Great tales abound, like The Kinks recalling how they punctured their guitar amps with razor blades and knitting needles to “dirty-up” their sound, or John Fogerty borrowing Beethoven’s Fifth for the intro to “Proud Mary.” Loretta Lynn’s entire account of writing “Fist City” is a firecracker, much like the woman herself.
Readers will gain a new appreciation for music as a marketplace of ideas: how Bob Dylan’s talk-singing style on “Like A Rolling Stone” inspired The Four Tops’ to belt out “Reach Out, I’ll Be There.” As a major jazz buff, Myers was surely eager to detail how The Doors appropriated John Coltrane’s extended jazz vamps for “Light My Fire,” and Jefferson Airplane channeled Miles Davis’ Sketches of Spain on “White Rabbit.”
Many of the singers, songwriters, and producers delve deep into musical and recoding minutiae, talking shop about how gear was tweaked, studio and production techniques employed, mic placements and faders and alternate tunings used. Such details might fly over the head of non-musicians. Still, these details clearly meant a world of difference to the creators in crafting their hits, and Myers wisely includes them.

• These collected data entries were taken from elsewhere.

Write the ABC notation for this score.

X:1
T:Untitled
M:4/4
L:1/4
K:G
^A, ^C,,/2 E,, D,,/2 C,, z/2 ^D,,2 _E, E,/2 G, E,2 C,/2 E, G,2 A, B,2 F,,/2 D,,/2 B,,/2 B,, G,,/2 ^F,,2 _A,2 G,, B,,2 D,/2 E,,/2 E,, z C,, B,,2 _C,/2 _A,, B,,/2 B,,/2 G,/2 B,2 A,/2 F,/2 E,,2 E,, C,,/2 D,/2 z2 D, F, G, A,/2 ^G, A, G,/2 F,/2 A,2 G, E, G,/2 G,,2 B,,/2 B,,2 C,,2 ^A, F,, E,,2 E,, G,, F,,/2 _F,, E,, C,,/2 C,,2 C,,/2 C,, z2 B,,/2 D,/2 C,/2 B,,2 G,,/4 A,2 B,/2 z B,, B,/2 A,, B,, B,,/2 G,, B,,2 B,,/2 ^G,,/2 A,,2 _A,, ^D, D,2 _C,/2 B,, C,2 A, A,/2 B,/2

A recurring theme in many of the recountings is the incredible happenstance, coincidences, and happy accidents that led up to the hits. For all the talent and calculation involved in creating the songs, a lot came down to the right person, right place, and right time when musical genius crystallizes in a classic song. As Keith Richards says of “Street Fighting Man,” “It’s the kind of record you love to make—and they don’t come that often.”